From Dachau to Gaza

“We have public relations people in the United States who take care of these matters for us.” Three Israeli lawyers after conceding that Israel was involved in war crimes.

By Francis Boyle.

During the summer of 1982 I had the opportunity to visit the Nazi concentration camp just outside Dachau , Germany and then the little town itself. Given the proximity of the town to the camp, my immediate reaction was: “This town is so close to the camp that the citizens of Dachau must have known what was going on out there. Why did they not do anything about it?” I had the exact same reaction during the last two weeks of May 1986 as I traveled up and down the West Bank and Gaza Strip in order to investigate Israel ’s atrocities and war crimes against the Palestinians.

When I then complained about these reprehensible practices to the appropriate high-level legal officials sequentially at the Israeli Ministry of Defense, the Ministry of Justice and the Ministry of Foreign Affairs, I was told that they were all required by and could be justified under the doctrine of “military necessity.” Rather than engaging in an extended debate over this point, I simply responded to all three of these lawyers that this was precisely the argument used by the Nazi war criminals before the Nuremberg Tribunal in 1945 to justify their own incredible outrages upon humanity, including the Jewish people. After a bit more argumentation, these three lawyers basically conceded my Nuremberg analysis, but then each independently, uncannily, and matter-of-factly informed me: “We have public relations people in the United States who take care of these matters for us.”

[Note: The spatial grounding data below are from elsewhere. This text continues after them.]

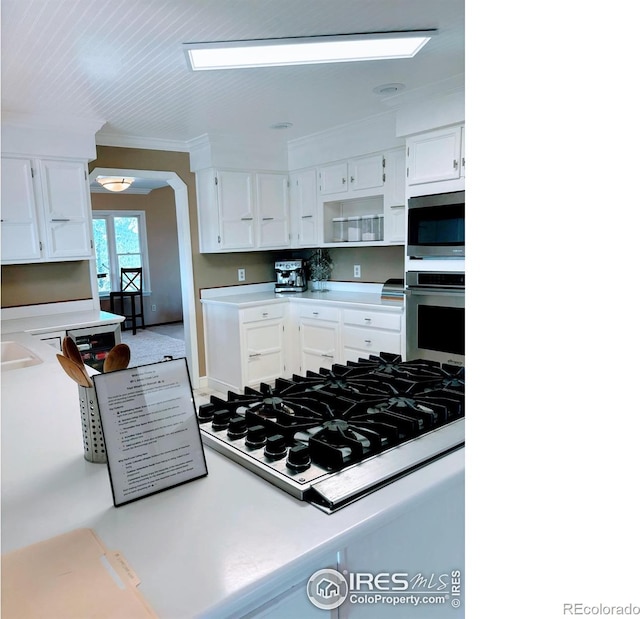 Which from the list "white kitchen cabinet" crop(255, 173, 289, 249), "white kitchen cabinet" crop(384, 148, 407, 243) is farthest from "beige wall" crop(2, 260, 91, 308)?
"white kitchen cabinet" crop(384, 148, 407, 243)

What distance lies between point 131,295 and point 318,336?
4941mm

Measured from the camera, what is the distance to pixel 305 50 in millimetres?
2324

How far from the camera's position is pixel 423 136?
321 centimetres

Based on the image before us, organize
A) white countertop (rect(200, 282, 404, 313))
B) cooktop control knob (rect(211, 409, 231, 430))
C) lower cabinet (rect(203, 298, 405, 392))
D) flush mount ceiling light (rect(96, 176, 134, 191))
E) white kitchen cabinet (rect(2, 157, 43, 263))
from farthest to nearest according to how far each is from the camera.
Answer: flush mount ceiling light (rect(96, 176, 134, 191)) < white countertop (rect(200, 282, 404, 313)) < lower cabinet (rect(203, 298, 405, 392)) < white kitchen cabinet (rect(2, 157, 43, 263)) < cooktop control knob (rect(211, 409, 231, 430))

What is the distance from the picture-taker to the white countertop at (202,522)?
25.1 inches

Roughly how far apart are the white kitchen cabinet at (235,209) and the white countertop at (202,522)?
3.53 metres

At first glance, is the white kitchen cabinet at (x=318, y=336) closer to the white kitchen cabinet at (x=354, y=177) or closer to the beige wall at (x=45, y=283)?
the white kitchen cabinet at (x=354, y=177)

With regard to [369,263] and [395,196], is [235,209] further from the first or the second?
[395,196]

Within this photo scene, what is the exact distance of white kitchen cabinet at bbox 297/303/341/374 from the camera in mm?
4031

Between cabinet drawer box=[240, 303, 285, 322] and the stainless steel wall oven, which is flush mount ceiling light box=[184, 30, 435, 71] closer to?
the stainless steel wall oven

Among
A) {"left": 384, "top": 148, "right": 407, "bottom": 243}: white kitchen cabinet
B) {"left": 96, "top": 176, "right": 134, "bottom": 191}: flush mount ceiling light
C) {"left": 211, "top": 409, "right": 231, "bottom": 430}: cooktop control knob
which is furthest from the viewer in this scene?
{"left": 96, "top": 176, "right": 134, "bottom": 191}: flush mount ceiling light

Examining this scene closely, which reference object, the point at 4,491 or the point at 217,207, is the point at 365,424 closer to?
the point at 4,491

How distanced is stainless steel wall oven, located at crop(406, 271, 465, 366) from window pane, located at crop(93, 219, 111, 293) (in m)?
6.47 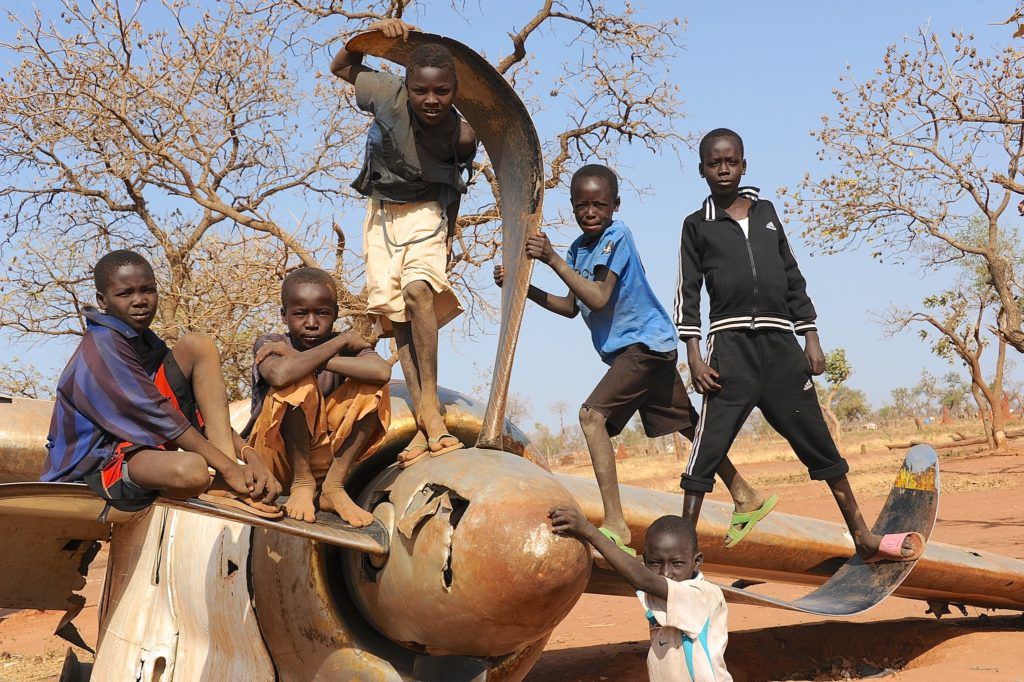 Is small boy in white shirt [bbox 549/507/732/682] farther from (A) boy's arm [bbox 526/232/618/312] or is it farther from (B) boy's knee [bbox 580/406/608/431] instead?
(A) boy's arm [bbox 526/232/618/312]

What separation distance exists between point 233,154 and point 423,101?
15.9 metres

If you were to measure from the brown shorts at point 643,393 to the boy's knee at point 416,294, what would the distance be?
941 millimetres

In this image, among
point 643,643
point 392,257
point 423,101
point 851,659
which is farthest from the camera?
point 643,643

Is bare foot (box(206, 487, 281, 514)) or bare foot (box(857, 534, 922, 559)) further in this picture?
bare foot (box(857, 534, 922, 559))

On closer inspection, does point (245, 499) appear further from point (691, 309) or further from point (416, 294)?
point (691, 309)

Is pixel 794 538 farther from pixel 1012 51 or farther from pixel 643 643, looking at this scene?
pixel 1012 51

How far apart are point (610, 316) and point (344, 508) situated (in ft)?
5.76

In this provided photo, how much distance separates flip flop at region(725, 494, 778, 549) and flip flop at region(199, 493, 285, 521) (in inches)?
106

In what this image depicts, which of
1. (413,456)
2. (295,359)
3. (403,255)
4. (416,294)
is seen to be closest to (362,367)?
(295,359)

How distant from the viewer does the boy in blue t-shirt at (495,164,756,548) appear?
504 centimetres

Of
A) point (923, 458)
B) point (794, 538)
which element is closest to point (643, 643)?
point (794, 538)

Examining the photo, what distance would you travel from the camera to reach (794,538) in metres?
6.89

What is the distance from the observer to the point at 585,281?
5000 millimetres

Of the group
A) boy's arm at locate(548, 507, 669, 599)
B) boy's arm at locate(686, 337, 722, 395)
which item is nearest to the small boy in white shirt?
boy's arm at locate(548, 507, 669, 599) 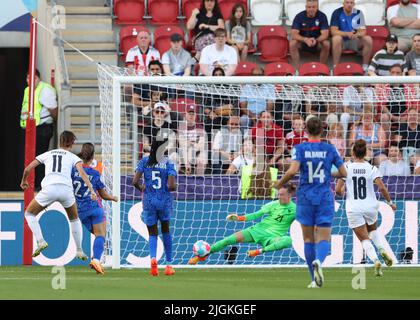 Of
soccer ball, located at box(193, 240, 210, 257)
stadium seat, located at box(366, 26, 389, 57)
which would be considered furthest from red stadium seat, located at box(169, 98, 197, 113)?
stadium seat, located at box(366, 26, 389, 57)

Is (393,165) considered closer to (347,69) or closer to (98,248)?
(347,69)

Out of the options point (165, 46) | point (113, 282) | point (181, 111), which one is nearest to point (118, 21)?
point (165, 46)

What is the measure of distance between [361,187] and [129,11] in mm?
8216

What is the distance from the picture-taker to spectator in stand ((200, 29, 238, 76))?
23250 millimetres

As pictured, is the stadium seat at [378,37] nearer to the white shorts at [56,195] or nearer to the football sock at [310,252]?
the white shorts at [56,195]

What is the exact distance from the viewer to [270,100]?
69.2 ft

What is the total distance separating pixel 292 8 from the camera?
2509 cm

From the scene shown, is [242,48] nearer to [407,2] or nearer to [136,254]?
[407,2]

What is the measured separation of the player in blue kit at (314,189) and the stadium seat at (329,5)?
34.7 ft

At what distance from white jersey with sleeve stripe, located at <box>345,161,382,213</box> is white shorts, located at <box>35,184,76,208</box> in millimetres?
3575

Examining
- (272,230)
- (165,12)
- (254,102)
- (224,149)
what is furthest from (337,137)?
(165,12)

Even more distressingly, upon a visit to the office of the Legal Adviser to the Foreign Ministry to discuss the prospects for peace, I was immediately informed by him that Israel had a “claim” under international law to the West Bank : it might not constitute the basis for perfect title, but it was nevertheless a “claim.” At the time I recalled the fact that of course Hitler had a “claim” to the Sudetenland as well. Although the Munich Pact of 1938 permitted German occupation and annexation of the Sudetenland into the Nazi Reich, this act of cowardice by Great Britain and France ultimately paved the way for the outbreak of the Second World War one year later, with all the tragic consequences that conflagration entailed for the Jewish people, among others.